An entry for a homology/modified amino acid matrix MUST contain least TWO lines, homology matricies are separated by a line with only the ">" symbol.

line 1) Must contain the matrix name as it appears in the html input files. Every matrix in the html input pages should have an entry in this file.

Subsequent lines (of which there must be at least one) should contain the following information separated by a space:

a). an amino acid;

b). a list of amino acids that the amino acid in a) can mutate or be modified to.

Any of the amino acids in b) may be followed by (N) or (C) to denote that the modification can only take at the N or C terminus of a peptide.

Below are examples of entries for a comprehensive homology option and for an option which allows one unknown amino acid per peptide:

homology
A CDEFGHIKLMNPQRSTVWYmq(N)sty
C ADEFGHIKLMNPQRSTVWYmq(N)sty
D ACEFGHIKLMNPQRSTVWYmq(N)sty
E ACDFGHIKLMNPQRSTVWYmq(N)sty
F ACDEGHIKLMNPQRSTVWYmq(N)sty
G ACDEFHIKLMNPQRSTVWYmq(N)sty
H ACDEFGIKLMNPQRSTVWYmq(N)sty
I ACDEFGHKLMNPQRSTVWYmq(N)sty
K ACDEFGHILMNPQRSTVWYmq(N)sty
L ACDEFGHIKMNPQRSTVWYmq(N)sty
M ACDEFGHIKLNPQRSTVWYmq(N)sty
N ACDEFGHIKLMPQRSTVWYmq(N)sty
P ACDEFGHIKLMNQRSTVWYmq(N)sty
Q ACDEFGHIKLMNPRSTVWYmq(N)sty
R ACDEFGHIKLMNPQSTVWYmq(N)sty
S ACDEFGHIKLMNPQRTVWYmq(N)sty
T ACDEFGHIKLMNPQRSVWYmq(N)sty
V ACDEFGHIKLMNPQRSTWYmq(N)sty
W ACDEFGHIKLMNPQRSTVYmq(N)sty
Y ACDEFGHIKLMNPQRSTVWmq(N)sty
>

Unknown Amino Acid
X ACDEFGHIKLMNPQRSTVWY
>


Computer optimisation options are currently only relevant to the Windows version.

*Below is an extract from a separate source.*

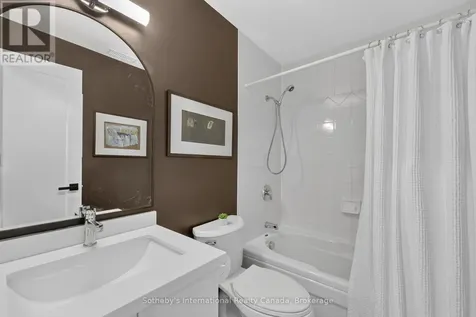 441 Mariners Way Collingwood ON L9Y 5C7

Edit the computer.txt file.

The following parameters are currently available:

1). The default memory block size used in memory mapping.

name: block_size
default value: 65536

This number is applicable for Windows systems and should not be changed.

2). The number of blocks to use as a default memory map size when reading a database.

name: num_blocks
minimum value: 1
default value: 256
maximum value: 16384

The default value assumes that 16 MBytes blocks are mapped in. The maximum value is 1 GByte. You might want to vary this parameter to see if it affects search times. If you have a lot of RAM then a much bigger number would be appropriate.